A relation consists of a heading and a body. The heading defines a set of attributes, each with a name and data type (sometimes called a domain). The number of attributes in this set is the relation's degree or arity. The body is a set of tuples. A tuple is a collection of n values, where n is the relation's degree, and each value in the tuple corresponds to a unique attribute.[6] The number of tuples in this set is the relation's cardinality.[7]: 17–22

Relations are represented by relational variables or relvars, which can be reassigned.[7]: 22–24 A database is a collection of relvars.[7]: 112–113

In this model, databases follow the Information Principle: At any given time, all information in the database is represented solely by values within tuples, corresponding to attributes, in relations identified by relvars.[7]: 111
Constraints
edit

A database may define arbitrary boolean expressions as constraints.
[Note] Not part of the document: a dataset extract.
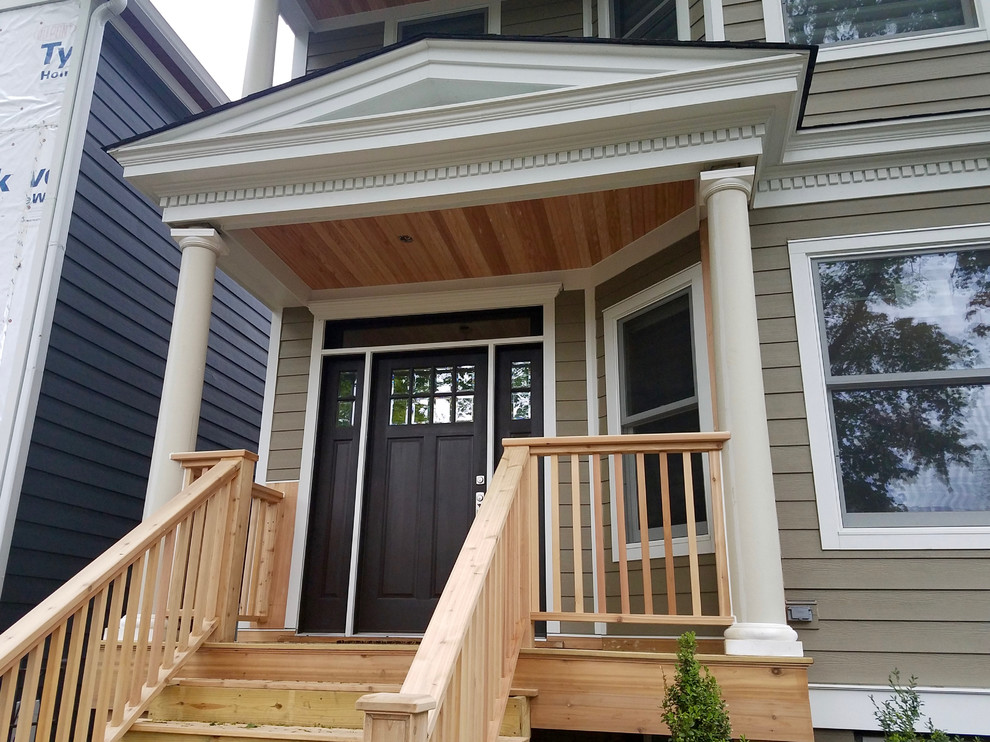 Mittelgroße Klassische Haustür mit brauner Wandfarbe, Sperrholzboden, Einzeltür, dunkler Holzhaustür und braunem Boden in Chicago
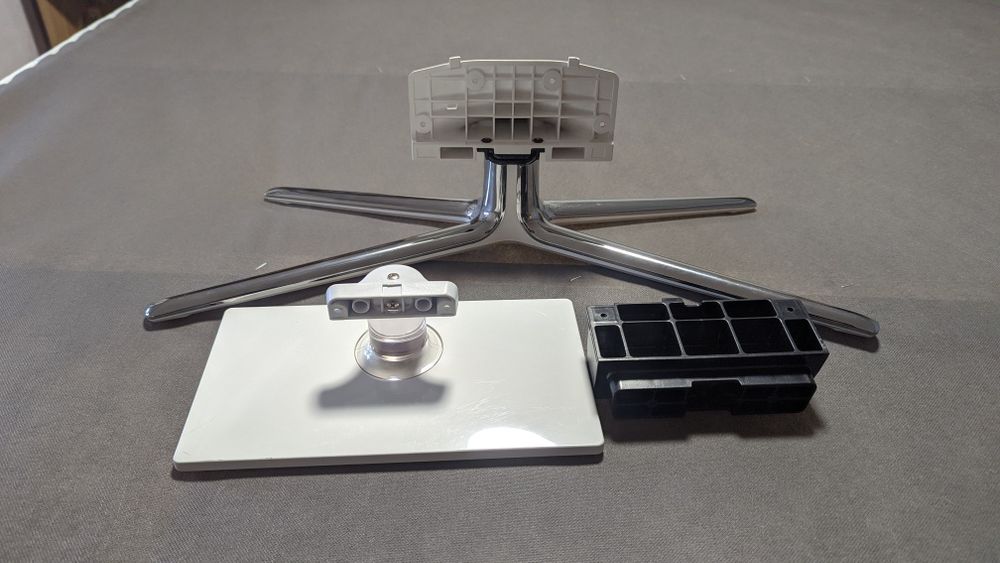 Подставка для монитора или телевизора + селфи-палка в подарок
If all constraints evaluate as true, the database is consistent; otherwise, it is inconsistent. If a change to a database's relvars would leave the database in an inconsistent state, that change is illegal and must not succeed.[7]: 91

In general, constraints are expressed using relational comparison operators, of which just one, "is subset of" (⊆), is theoretically sufficient.[citation needed]

Two special cases of constraints are expressed as keys and foreign keys:
Keys
edit

A candidate key, or simply a key, is the smallest subset of attributes guaranteed to uniquely differentiate each tuple in a relation. Since each tuple in a relation must be unique, every relation necessarily has a key, which may be its complete set of attributes. A relation may have multiple keys, as there may be multiple ways to uniquely differentiate each tuple.[7]: 31–33

An attribute may be unique across tuples without being a key. For example, a relation describing a company's employees may have two attributes: ID and Name. Even if no employees currently share a name, if it is possible to eventually hire a new employee with the same name as a current employee, the attribute subset {Name} is not a key. Conversely, if the subset {ID} is a key, this means not only that no employees currently share an ID, but that no employees will ever share an ID.[7]: 31–33
Foreign keys
edit
Main article: Foreign key

A foreign key is a subset of attributes A in a relation R1 that corresponds with a key of another relation R2, with the property that the projection of R1 on A is a subset of the projection of R2 on A. In other words, if a tuple in R1 contains values for a foreign key, there must be a corresponding tuple in R2 containing the same values for the corresponding key.[7]: 34
Relational operations
edit

Users (or programs) request data from a relational database by sending it a query. In response to a query, the database returns a result set.

Often, data from multiple tables are combined into one, by doing a join. Conceptually, this is done by taking all possible combinations of rows (the Cartesian product), and then filtering out everything except the answer.

There are a number of relational operations in addition to join. These include project (the process of eliminating some of the columns), restrict (the process of eliminating some of the rows), union (a way of combining two tables with similar structures), difference (that lists the rows in one table that are not found in the other), intersect (that lists the rows found in both tables), and product (mentioned above, which combines each row of one table with each row of the other). Depending on which other sources you consult, there are a number of other operators – many of which can be defined in terms of those listed above. These include semi-join, outer operators such as outer join and outer union, and various forms of division. Then there are operators to rename columns, and summarizing or aggregating operators, and if you permit relation values as attributes (relation-valued attribute), then operators such as group and ungroup.

The flexibility of relational databases allows programmers to write queries that were not anticipated by the database designers. As a result, relational databases can be used by multiple applications in ways the original designers did not foresee, which is especially important for databases that might be used for a long time (perhaps several decades). This has made the idea and implementation of relational databases very popular with businesses.
Database normalization
edit
Main article: Database normalization

Relations are classified based upon the types of anomalies to which they're vulnerable. A database that is in the first normal form is vulnerable to all types of anomalies, while a database that is in the domain/key normal form has no modification anomalies. Normal forms are hierarchical in nature. That is, the lowest level is the first normal form, and the database cannot meet the requirements for higher level normal forms without first having met all the requirements of the lesser normal forms.